What you have to do:
Everything from the line containing "Позашляховик / Кросовер Toyota Land Cruiser 2020 в Вінниці фото" through the line containing "2167 Saddlebrook Way, Oakdale, CA 95361" in the listing below should be copied exactly, and nothing more.

*** Task input ***

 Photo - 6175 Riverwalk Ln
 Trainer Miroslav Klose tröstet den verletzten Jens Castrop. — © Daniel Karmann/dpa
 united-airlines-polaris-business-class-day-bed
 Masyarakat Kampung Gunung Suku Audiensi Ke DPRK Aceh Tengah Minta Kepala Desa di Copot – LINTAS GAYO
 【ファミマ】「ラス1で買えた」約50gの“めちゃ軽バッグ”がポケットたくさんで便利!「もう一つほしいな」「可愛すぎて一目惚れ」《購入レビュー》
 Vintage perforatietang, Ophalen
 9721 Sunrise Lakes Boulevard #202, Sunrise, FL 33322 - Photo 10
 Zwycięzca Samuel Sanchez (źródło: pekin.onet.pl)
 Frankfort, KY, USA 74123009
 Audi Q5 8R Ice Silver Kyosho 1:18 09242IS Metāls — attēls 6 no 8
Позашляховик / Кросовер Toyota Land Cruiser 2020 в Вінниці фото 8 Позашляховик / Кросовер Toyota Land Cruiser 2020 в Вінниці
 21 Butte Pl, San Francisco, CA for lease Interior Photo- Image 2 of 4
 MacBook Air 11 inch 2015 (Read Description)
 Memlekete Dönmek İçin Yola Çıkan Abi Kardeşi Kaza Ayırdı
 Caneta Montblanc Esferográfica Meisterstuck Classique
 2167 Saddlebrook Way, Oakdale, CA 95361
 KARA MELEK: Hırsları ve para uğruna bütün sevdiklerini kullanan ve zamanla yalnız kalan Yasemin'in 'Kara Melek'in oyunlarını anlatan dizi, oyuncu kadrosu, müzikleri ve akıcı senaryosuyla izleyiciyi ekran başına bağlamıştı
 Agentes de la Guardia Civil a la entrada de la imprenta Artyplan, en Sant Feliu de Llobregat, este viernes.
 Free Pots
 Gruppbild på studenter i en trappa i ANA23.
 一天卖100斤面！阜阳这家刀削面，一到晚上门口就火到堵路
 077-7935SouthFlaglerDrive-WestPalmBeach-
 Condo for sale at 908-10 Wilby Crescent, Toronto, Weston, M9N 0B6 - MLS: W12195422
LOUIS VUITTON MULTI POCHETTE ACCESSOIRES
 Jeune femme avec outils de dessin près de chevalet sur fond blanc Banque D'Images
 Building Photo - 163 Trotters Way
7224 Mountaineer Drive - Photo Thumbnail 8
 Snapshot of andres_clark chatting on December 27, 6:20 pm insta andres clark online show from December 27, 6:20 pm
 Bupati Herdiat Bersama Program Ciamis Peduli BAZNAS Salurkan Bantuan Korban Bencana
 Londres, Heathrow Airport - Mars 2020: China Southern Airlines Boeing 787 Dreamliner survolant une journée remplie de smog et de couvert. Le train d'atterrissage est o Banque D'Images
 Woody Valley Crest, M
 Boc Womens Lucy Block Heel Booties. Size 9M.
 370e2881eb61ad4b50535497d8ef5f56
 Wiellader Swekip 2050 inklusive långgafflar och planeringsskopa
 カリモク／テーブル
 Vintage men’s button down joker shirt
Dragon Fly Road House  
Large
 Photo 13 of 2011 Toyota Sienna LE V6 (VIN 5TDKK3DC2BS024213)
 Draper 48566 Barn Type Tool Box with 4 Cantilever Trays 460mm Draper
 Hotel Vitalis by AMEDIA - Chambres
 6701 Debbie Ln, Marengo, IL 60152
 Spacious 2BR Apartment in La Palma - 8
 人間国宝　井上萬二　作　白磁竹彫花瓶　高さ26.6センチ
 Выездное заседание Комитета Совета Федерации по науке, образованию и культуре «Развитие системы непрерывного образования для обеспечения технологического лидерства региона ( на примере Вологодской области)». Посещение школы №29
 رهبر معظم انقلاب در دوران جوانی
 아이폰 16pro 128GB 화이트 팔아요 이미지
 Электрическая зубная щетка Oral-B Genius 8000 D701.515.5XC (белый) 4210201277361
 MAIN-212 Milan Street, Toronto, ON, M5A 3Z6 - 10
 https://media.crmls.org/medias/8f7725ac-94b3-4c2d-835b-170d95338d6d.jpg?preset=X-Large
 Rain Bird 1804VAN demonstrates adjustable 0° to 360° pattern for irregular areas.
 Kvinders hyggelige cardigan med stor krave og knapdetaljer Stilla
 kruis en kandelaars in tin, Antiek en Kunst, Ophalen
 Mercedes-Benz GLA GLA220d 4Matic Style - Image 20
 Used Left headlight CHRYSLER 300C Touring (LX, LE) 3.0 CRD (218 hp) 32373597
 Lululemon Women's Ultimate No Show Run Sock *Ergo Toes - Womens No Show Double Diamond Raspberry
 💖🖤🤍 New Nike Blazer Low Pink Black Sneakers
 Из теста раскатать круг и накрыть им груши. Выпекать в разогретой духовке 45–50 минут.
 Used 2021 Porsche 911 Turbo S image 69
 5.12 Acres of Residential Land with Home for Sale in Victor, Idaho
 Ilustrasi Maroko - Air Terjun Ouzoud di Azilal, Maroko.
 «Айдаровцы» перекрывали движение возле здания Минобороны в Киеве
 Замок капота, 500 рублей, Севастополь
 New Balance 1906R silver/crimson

*** End of Task input ***

Output for this task:
Позашляховик / Кросовер Toyota Land Cruiser 2020 в Вінниці фото 8 Позашляховик / Кросовер Toyota Land Cruiser 2020 в Вінниці
 21 Butte Pl, San Francisco, CA for lease Interior Photo- Image 2 of 4
 MacBook Air 11 inch 2015 (Read Description)
 Memlekete Dönmek İçin Yola Çıkan Abi Kardeşi Kaza Ayırdı
 Caneta Montblanc Esferográfica Meisterstuck Classique
 2167 Saddlebrook Way, Oakdale, CA 95361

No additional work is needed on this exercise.